Rewrite routes using radix tree
黑夜路人群
A question was also discussed in the previous section: are algorithms and data structures useful in the actual work? To tell the truth, the general situation is really not how to use, but here is a scene.
In the first version, the route is a map, the route match is a range, simple, clear, but the performance is not natural. Reference macaron
and the echo
framework of the design, are used 基数树(radix tree)
to achieve, but the implementation of the details of different, here we also have different details to achieve, but the idea is basically unchanged. Specific implementations can refer to wikis, and BAA router parts router.go
The performance of string is not how
Many articles have been introduced, try to use []byte instead of string, here we do the same.
Map's range is inefficient.
Map and slice range performance is poor by an order of magnitude ah, so, you will find that we canceled a large number of maps to slice, in slice也能重用
This section of the code example Pnames and pvalues is used to replace the original map[string]string, Because the map range is inefficient.
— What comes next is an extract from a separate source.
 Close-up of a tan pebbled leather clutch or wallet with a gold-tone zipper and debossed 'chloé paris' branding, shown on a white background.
There's a cost to an iteration.
Slice's iteration is fast, but it's always iterative, and it's an iterative overhead, and it's crazy to pursue extreme performance. When routing matches, we set the single-byte index to all route pattern, and if the first letter does not match, there is no need to continue the subsequent character matching.
Route entry creation:
// newRoute create a route itemfunc newRoute(pattern string, handles []HandlerFunc, router *Router) *Route { r := new(Route) r.pattern = pattern r.alpha = pattern[0] r.handlers = handles r.router = router r.children = make([]*Route, 0) return r}
Route entry matches:
// findChild find child static routefunc (r *Route) findChild(b byte) *Route { var i int var l = len(r.children) for ; i < l; i++ { if r.children[i].alpha == b && !r.children[i].hasParam { return r.children[i] } } return nil}
Note that it r.alpha
is used to avoid further performance improvements as much as possible.
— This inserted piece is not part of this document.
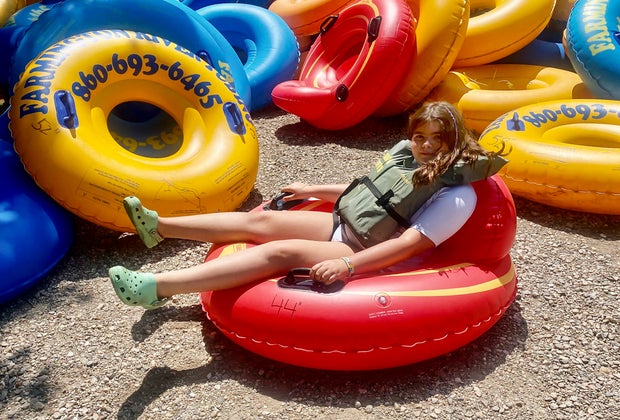 Photo of child in a tube - Farmington River Tubing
Defer is also only convenient
In the pursuit of extreme performance on the road, I am almost crazy, in the process of step-by-step testing, found to remove defer can also improve some performance, the 雨痕学堂
public number of an article also mentioned this problem, because defer has additional overhead to ensure that deferred calls and even panic can be executed, And most of the time we can terminate the program at the end, avoid defer mechanism, and then a little bit faster.
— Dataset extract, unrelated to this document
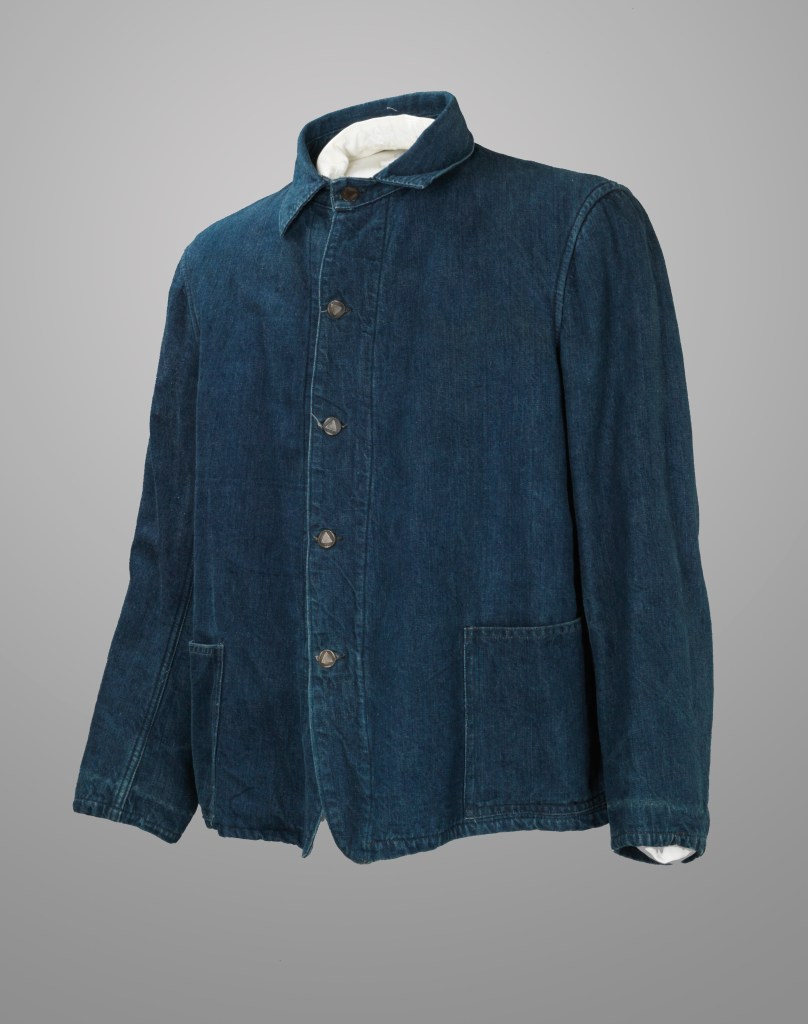 View of the front of a denim jacket.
Function calls are also overhead
Closer to the target, but there is a little gap, we are getting crazy, and finally actually do it, we have to cancel some of the frequently called functions, instead of directly in a function to complete, because we found that even if just a function call, TMD is the overhead ah.
Pprof is an artifact.
Throughout the process, how to analyze performance issues in step-by-step, location-optimised places, go test-cpuprofile, go test-memprofile, go test-bench are the best tools, every time you modify, bench see the results, Profile to see performance analysis.
Summarize
This article briefly summarizes the various techniques in the optimization process, as well as some code examples, more use of posture, self-experience, welcome to exchange and shoot bricks.